Erste Krankheitszeichen der Kinderlähmung sind grippeartige Symptome. Später kann es auch stufenweise zu den Lähmungen kommen, die der Krankheit ihren Namen gegeben haben. Lähmungserscheinungen betreffen hauptsächlich die Beine. Polioviren werden in erster Linie durch eine Schmierinfektion übertragen, aber auch durch Tröpfcheninfektion, beispielsweise beim Sprechen oder Niesen. Eine Therapie gegen die Ursachen gibt es nicht, es können nur die Symptome behandelt werden. Der beste Schutz gegen eine Infektion ist deshalb die vorbeugende Impfung.
Trat die Krankheit früher noch weltweit auf, ist sie inzwischen durch weltweite Impfprogramme zurückgedrängt worden. Europa gilt seit 2002 laut Weltgesundheitsorganisation als poliofrei. In Belgien wurde der letzte Fall von Kinderlähmung laut Angaben des Zentrums Kaleido Ostbelgien im Jahr 1979 gemeldet. „Es gibt nur noch ganz wenige Länder, in denen der Wildtyp I der Polioviren nachgewiesen wird. Darunter sind Afghanistan und Pakistan. Im Grenzgebiet der beiden Länder ist es wegen der unsicheren Lage besonders schwierig, Impfungen zu verabreichen“, erläutert Freddy Genten. Aber nicht nur die politische Situation spielt eine Rolle: Im vergangenen Sommer hatte Pakistan angesichts eines starken Anstiegs an Fällen von Kinderlähmung eine weitere Notimpfkampagne gestartet.

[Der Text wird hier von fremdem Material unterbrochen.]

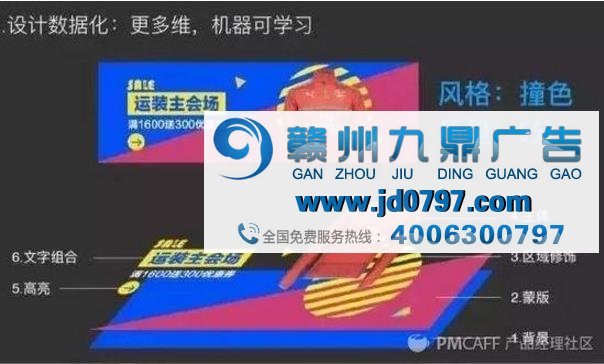 广告到底是科学还是艺术？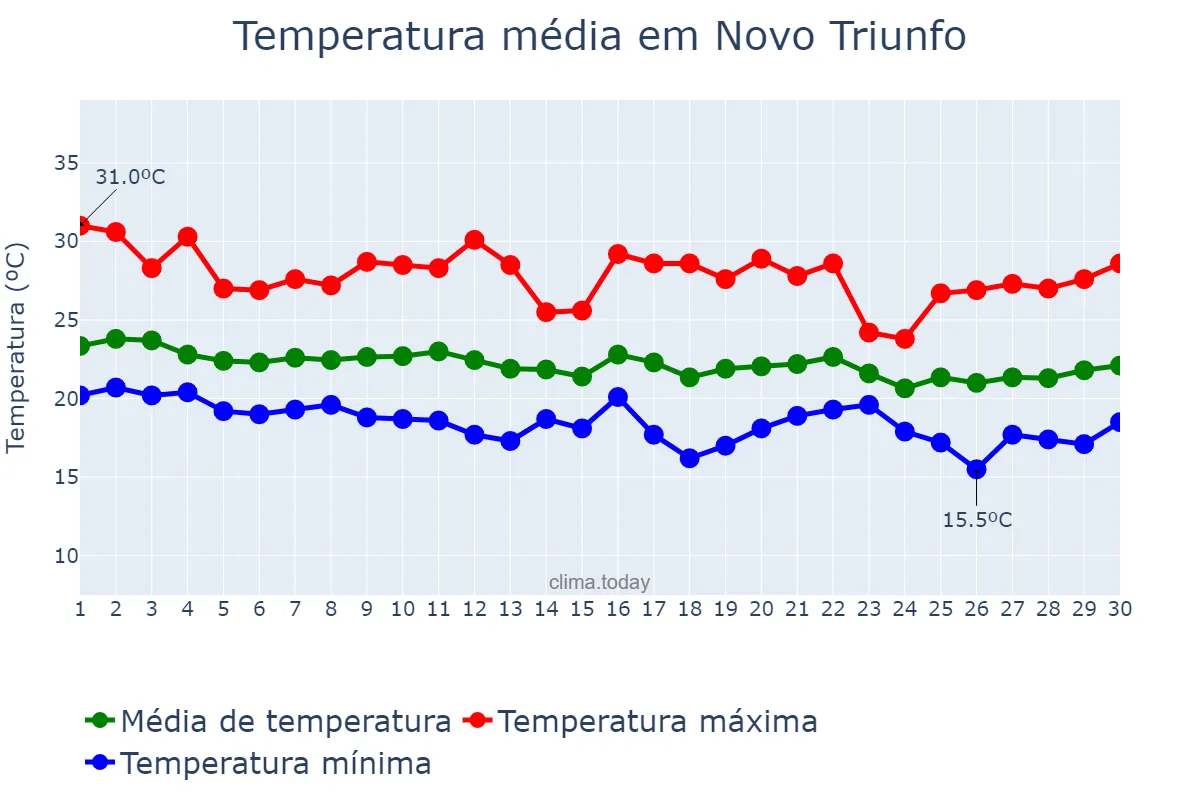 Temperatura em junho em Novo Triunfo, BA, BR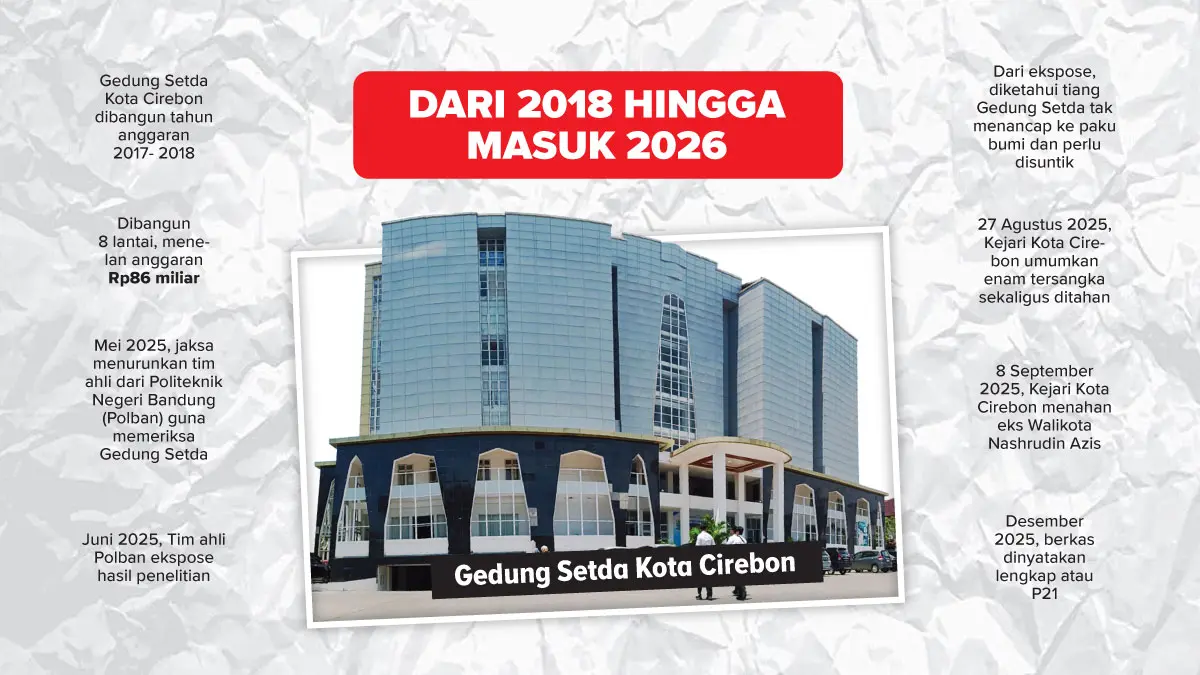 Pelimpahan Kasus Gedung Setda ke Pengadilan Tipikor Kemungkinan Februari 2026 Pelimpahan Kasus Gedung Setda ke Pengadilan Tipikor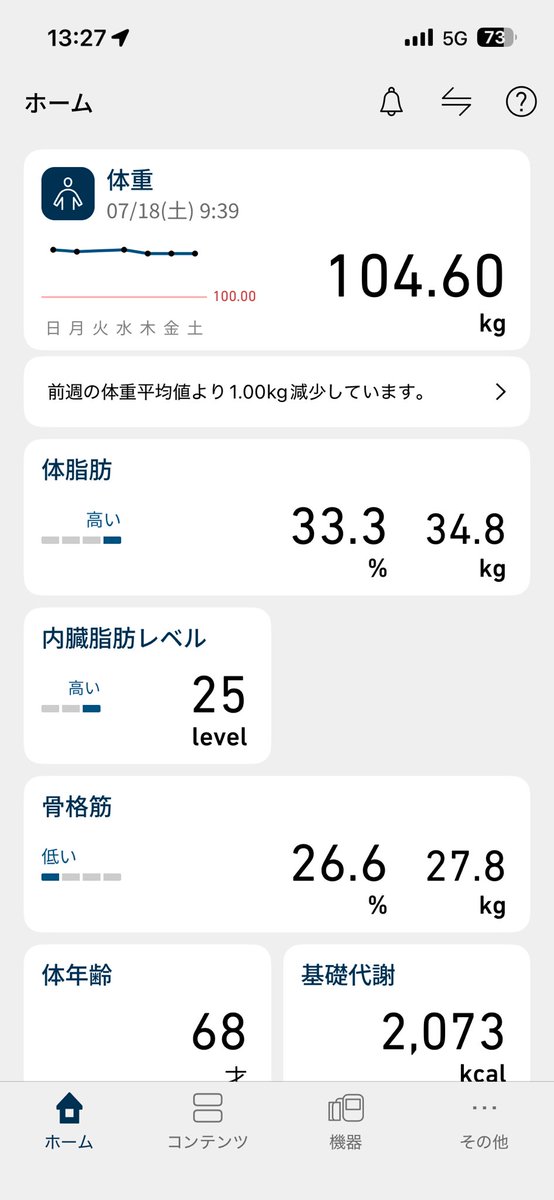 にー tweet media
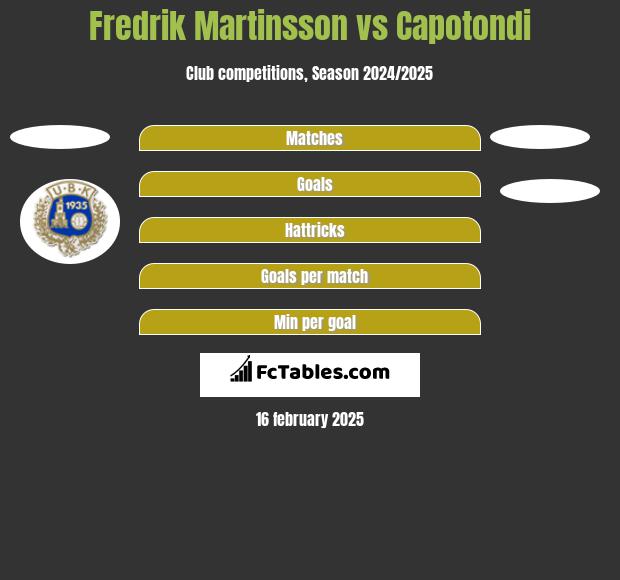 Fredrik Martinsson vs Capotondi h2h player stats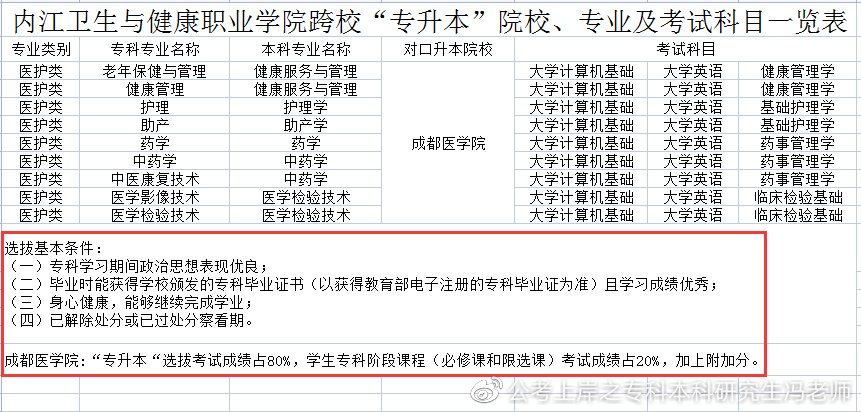 四川商务职业技术学院2022专升本,2021年四川专升本各校录取分数线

Problematisch war, dass sich viele Familien weigerten, ihre Kinder impfen zu lassen. Hintergrund sind Gerüchte, der Impfstoff würde eingesetzt, um muslimische Kinder unfruchtbar zu machen oder gesundheitliche Probleme zu verursachen.

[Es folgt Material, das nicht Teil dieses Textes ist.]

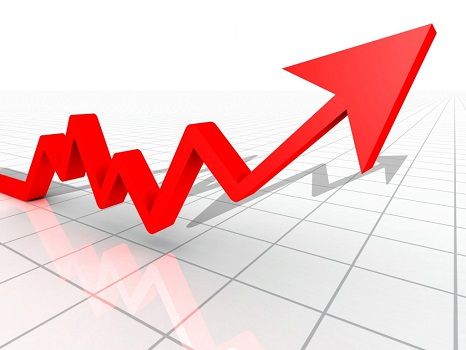 La importancia del financiamiento Pyme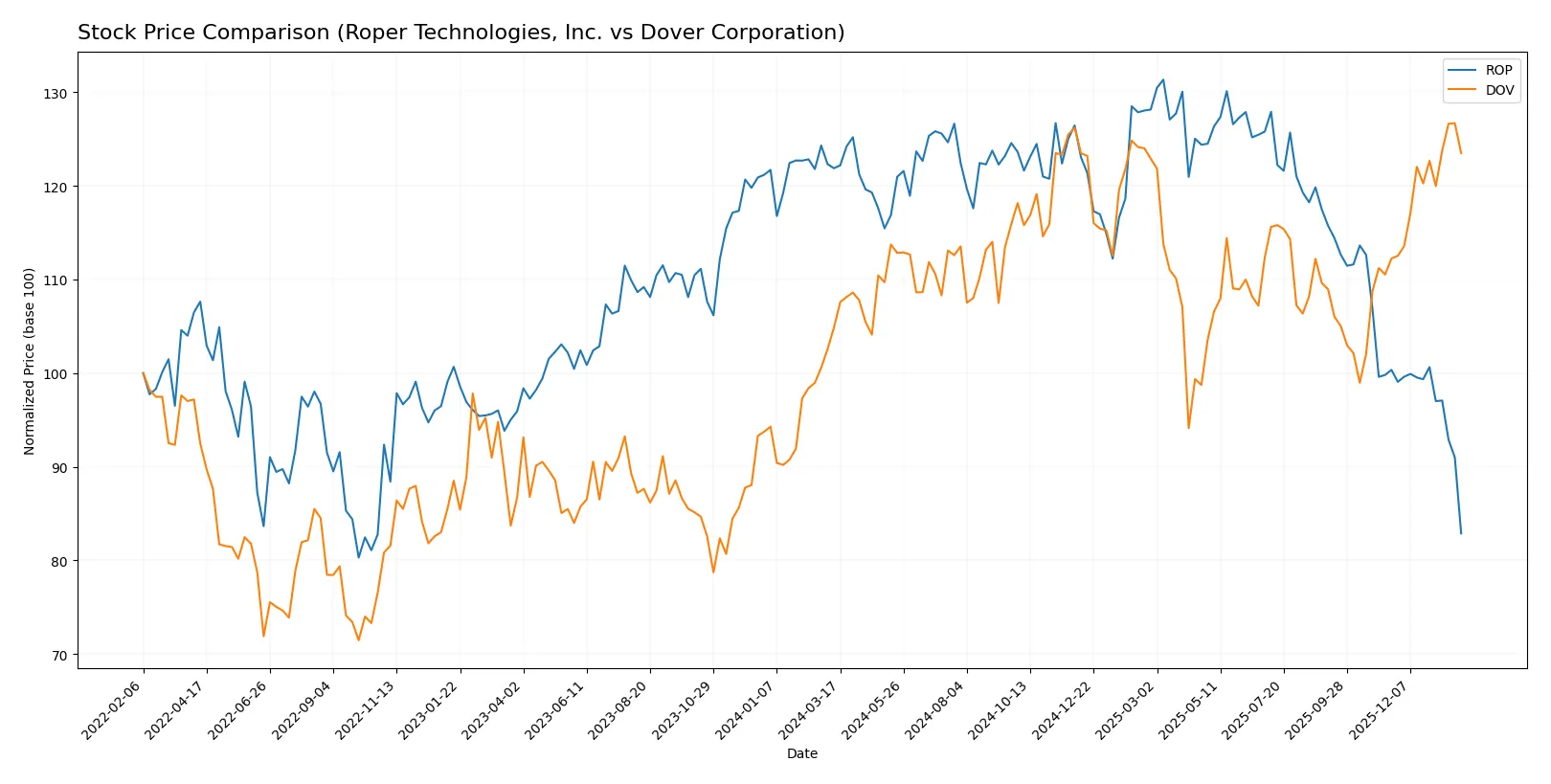 stock price comparison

„Grundsätzlich ein Problem, dass Impfgegner Falschmeldungen verbreiten.“
„Es ist natürlich grundsätzlich ein Problem, dass Impfgegner Falschmeldungen verbreiten oder die Gefahren von Nebenwirkungen, die nur ganz selten vorkommen, aufbauschen“, meint Freddy Genten. Letztes Jahr noch hatte ein UN-finanziertes Polio-Impfprogramm dabei geholfen, die Ausbreitung der Krankheit in Pakistan zu kontrollieren. Eine Erfolgsmeldung kommt derweil aus Nigeria: In dem afrikanischen Land ist seit drei Jahren kein Polio-Fall mehr registriert worden. Die Kinderlähmung gilt damit in ganz Afrika als ausgerottet.
Die Polioimpfung ist seit 1967 die einzige Pflichtimpfung in Belgien. Eltern müssen spätestens bis zum 18. Lebensmonat ihres Kindes nachweisen können, dass ihr Kind die vier Impfdosen erhalten hat. Die Impfdosen werden laut Empfehlungen des Hohen Gesundheitsrates beim Alter von zwei Monaten, drei Monaten und vier Monaten verabreicht. Hinzu kommt noch eine Nachholimpfung mit 13 bis 15 Monaten, erklärt Murielle Mendez, die bei Kaleido Ostbelgien als Koordinatorin für die gesundheitliche Entwicklung arbeitet.
Konkret muss die Familie ein Dokument bei der Gemeinde einreichen, vier Impfungen bestätigt. Auf dem Papier enthalten sind das Datum der Impfung und ein Stempel des Arztes. Wird dieses Dokument nicht hinterlegt und werden Mahnschreiben der Kommune ignoriert, schaltet sich die Staatsanwaltschaft ein. Die Entscheidung, ob es zu einer Zwangsimpfung oder zur Verordnung eines Bußgeldes kommt, obliegt schlussendlich einem Gericht. Die Eröffnung eines Verfahrens ist keine Seltenheit: Im vergangenen Jahr wurden 657 Akten eröffnet, seit Beginn des Jahres befassten sich die Staatsanwaltschaften mit 880 Fällen, wie die RTBF berichtete.